Supplied data ->
• • • •

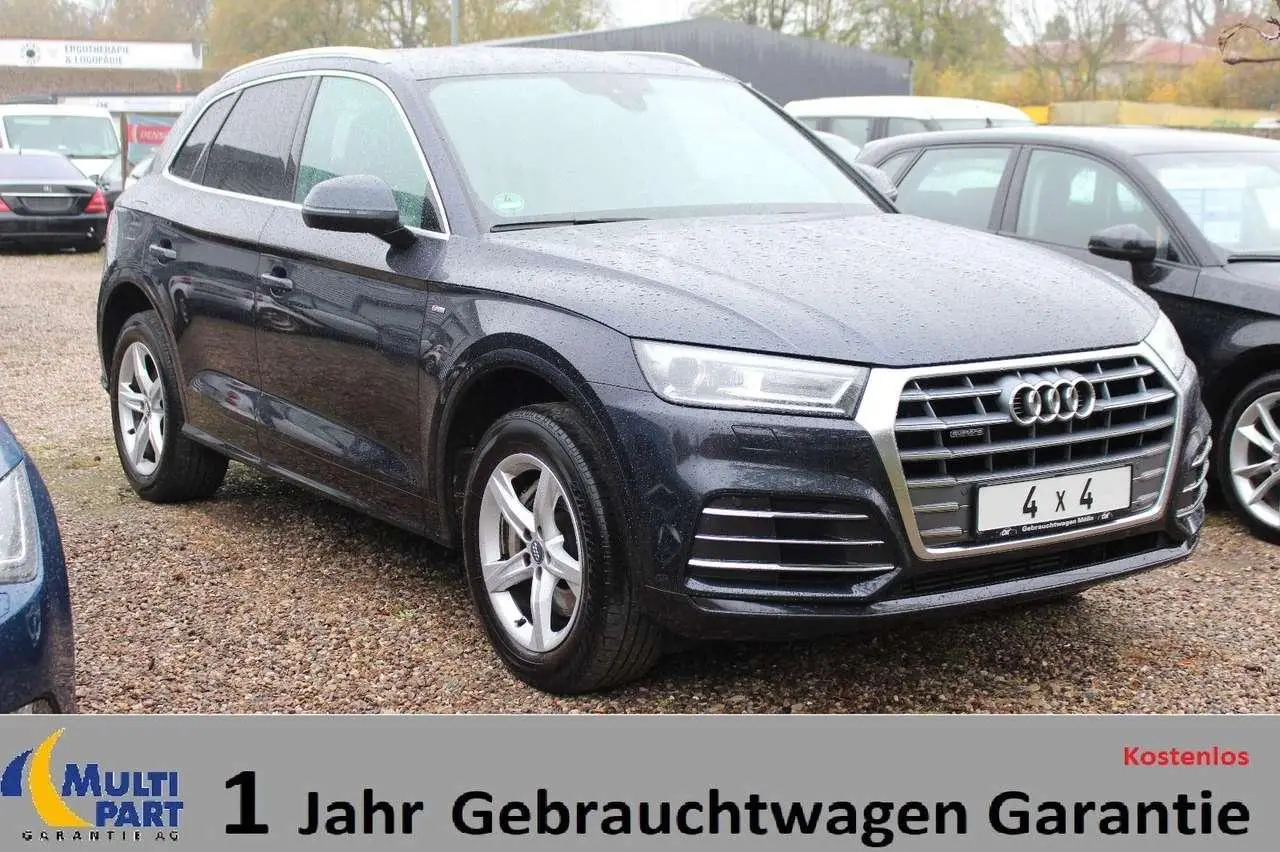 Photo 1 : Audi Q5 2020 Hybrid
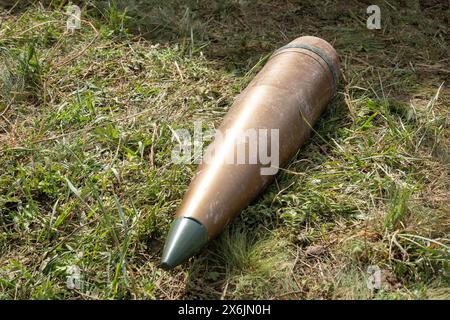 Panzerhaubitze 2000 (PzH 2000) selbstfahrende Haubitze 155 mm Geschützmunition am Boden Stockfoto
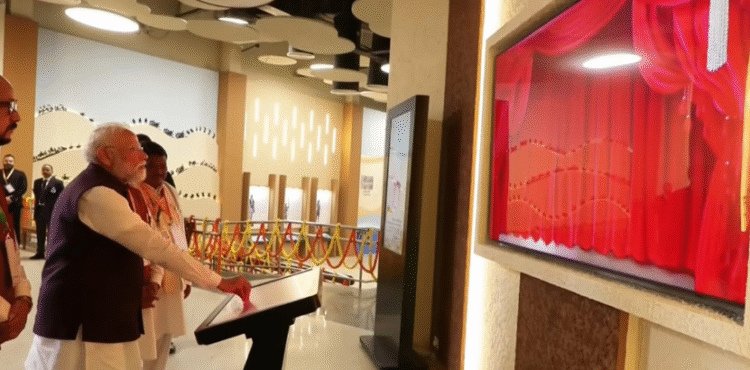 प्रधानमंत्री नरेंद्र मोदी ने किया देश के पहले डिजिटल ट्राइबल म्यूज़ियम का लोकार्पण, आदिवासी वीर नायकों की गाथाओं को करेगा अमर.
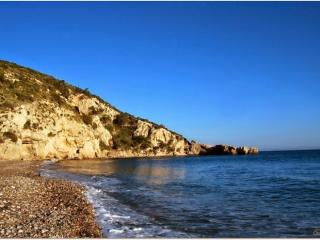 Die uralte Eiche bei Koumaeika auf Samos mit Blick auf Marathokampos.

• • • •

Directions for this task -> Output all of the data word for word, excluding any pictures.

Expected answer ->
 Photo 1 : Audi Q5 2020 Hybrid
 Panzerhaubitze 2000 (PzH 2000) selbstfahrende Haubitze 155 mm Geschützmunition am Boden Stockfoto
 प्रधानमंत्री नरेंद्र मोदी ने किया देश के पहले डिजिटल ट्राइबल म्यूज़ियम का लोकार्पण, आदिवासी वीर नायकों की गाथाओं को करेगा अमर.
 Die uralte Eiche bei Koumaeika auf Samos mit Blick auf Marathokampos.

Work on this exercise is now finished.